継続的に優れた結果を出す人が持つ考え方や行動を可視化するハイパフォーマー分析。思考・行動様式に違いはあるが、「柔軟に方向転換する」「人との縁を大切にする」など共通する項目も7つ存在する。その中から、一番初めに磨かなければならないポイントを紹介しよう。

※本稿は、増子裕介、増村岳史『ハイパフォーマー思考 高い成果を出し続ける人に共通する7つの思考・行動様式』(ディスカヴァー・トゥエンティワン)の一部を抜粋・編集したものです。

「なんとかなる」
と思ってやってみる

 7つある項目のうち、「『なんとかなる』と思ってやってみる」を最初にもってきましたが、この順番には意味があります。
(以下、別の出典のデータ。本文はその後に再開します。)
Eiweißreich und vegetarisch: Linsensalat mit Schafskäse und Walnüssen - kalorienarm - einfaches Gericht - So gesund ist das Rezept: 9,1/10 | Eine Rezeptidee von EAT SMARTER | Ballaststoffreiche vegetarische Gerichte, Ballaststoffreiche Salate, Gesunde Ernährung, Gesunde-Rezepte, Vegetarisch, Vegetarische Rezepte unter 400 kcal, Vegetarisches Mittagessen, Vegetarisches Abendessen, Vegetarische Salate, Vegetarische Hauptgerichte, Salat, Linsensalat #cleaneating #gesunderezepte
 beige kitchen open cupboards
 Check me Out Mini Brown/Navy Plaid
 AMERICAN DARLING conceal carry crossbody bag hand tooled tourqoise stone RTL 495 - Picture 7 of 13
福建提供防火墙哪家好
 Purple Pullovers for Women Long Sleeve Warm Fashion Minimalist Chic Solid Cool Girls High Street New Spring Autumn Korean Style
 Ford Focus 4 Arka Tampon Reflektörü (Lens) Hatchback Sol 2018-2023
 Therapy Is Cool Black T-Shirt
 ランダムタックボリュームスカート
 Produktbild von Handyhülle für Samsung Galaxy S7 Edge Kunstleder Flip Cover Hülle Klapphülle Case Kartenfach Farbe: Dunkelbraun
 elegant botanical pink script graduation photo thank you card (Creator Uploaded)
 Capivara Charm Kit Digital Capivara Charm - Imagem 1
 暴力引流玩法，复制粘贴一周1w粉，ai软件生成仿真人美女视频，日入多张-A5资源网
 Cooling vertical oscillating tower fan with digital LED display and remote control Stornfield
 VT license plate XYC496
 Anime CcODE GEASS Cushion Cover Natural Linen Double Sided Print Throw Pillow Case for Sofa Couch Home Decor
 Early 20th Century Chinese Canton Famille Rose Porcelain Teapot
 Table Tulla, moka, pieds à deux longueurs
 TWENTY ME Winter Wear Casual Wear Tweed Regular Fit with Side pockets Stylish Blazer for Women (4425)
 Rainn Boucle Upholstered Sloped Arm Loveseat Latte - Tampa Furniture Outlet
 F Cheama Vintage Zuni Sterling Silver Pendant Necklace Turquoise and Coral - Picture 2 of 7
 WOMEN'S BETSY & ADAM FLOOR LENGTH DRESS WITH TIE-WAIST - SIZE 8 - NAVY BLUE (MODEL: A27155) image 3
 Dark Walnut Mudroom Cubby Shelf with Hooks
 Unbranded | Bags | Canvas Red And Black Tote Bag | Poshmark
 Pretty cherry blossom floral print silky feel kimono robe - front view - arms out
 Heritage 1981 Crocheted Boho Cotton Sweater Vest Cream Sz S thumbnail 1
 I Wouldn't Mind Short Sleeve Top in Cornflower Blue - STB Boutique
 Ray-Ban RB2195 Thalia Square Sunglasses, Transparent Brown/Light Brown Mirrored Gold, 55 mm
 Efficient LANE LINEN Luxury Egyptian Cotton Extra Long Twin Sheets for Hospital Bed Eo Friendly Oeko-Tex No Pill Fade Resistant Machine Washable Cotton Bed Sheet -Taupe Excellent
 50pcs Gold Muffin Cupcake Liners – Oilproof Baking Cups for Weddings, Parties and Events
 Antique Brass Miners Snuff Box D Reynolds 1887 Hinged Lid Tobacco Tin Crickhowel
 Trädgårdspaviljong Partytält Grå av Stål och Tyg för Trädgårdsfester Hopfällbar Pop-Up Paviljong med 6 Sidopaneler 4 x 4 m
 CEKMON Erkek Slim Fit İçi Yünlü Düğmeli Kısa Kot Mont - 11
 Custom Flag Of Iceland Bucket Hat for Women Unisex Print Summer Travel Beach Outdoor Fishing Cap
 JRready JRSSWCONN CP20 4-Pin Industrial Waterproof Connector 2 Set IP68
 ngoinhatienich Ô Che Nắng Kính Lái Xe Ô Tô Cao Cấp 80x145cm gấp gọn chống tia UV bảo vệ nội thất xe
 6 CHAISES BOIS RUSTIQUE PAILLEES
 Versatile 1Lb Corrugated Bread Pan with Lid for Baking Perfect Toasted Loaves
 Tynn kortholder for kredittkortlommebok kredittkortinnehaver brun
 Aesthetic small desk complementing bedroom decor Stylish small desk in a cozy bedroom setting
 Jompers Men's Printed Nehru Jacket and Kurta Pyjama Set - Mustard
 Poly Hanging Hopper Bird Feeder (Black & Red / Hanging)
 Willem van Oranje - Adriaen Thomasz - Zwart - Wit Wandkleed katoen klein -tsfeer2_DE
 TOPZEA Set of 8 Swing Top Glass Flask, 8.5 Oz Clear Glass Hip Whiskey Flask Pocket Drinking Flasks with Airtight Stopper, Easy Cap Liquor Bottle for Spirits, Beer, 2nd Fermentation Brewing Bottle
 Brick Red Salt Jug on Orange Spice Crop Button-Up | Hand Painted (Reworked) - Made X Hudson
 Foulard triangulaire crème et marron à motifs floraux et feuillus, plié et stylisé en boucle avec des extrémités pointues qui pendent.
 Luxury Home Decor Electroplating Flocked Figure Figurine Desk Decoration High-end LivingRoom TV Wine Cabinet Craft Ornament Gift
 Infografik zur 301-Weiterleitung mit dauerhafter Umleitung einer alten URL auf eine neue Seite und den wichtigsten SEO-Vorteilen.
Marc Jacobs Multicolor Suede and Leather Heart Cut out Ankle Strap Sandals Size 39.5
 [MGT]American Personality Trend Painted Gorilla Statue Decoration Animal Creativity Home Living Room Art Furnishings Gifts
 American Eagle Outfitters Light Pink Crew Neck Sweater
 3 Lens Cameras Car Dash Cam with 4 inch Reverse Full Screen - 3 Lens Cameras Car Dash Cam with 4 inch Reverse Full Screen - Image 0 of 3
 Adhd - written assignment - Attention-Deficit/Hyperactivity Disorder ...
なぜなら、「あらゆるサクセスストーリーは例外なく、『まずやってみること』からスタートしている」という絶対的な真理が存在するからです。

 米メジャーリーグで2021年シーズンのMVPを獲得するなど、大活躍を続けている大谷翔平の投打二刀流も、高校時代の当人が「自分は必ずできる」と信じたことが全ての始まりです。ファイターズの栗山監督やエンゼルスのマドン監督が二刀流を認めてくれたことも大きいですし、他のチームであればピッチャーかバッターのどちらかに専念させられた可能性もありますが、まず大谷本人が「なんとかなる」と思い続けなければ、こうはなっていません。

 たとえば大谷と同じく高校からドラフト1位でプロ入りし、日米通算170勝を挙げた松坂大輔も高校時代は「エースで4番」でしたが、周囲の関係者がどうこう言う以前に、当人にその意思がなかったから、プロではバッティングをあきらめてピッチャー専任となったわけです。

 東京六大学野球で48勝(江川卓の47勝を上回る歴代最多記録)を挙げ、複数のプロ球団がドラフト1位指名を検討していたと言われる逸材でありながら、ノンプロの住友金属に進んだ山中正竹(故人)はこう述べています。

「プロ野球に行って、そのまま大学時代のボールが通用するかといえば、とんでもない。私の記録を見て、若い人に『どうしてプロに行かなかったんですか?』と尋ねられることもありますが、現役時代の実力を知らないから言えることですね」

「大学時代に抑えたバッターがプロ野球で活躍するのを見ても、『彼らができるのなら、よし、俺だって』とは思わなかった。『プロ野球で努力して、ステップアップしたんだな』と素直に考えていました」

 目の肥えたプロのスカウト達が「プロ入りすれば1年目から二桁勝利を期待できる」と評価していたのですから、技術面やフィジカルにおいては間違いなく一級品だったのでしょう。ちなみに、東京六大学で同時期に活躍した明治大学の星野仙一はドラフト1位でプロに進み、沢村賞を獲得し、最終的には146勝を挙げた名投手ですが、大学時代の勝ち星は23でしかなく、山中には遠く及びません。六大学野球の全体的なレベルも今より遥かに高かった時代の48勝ですから、相当な価値のある数字です。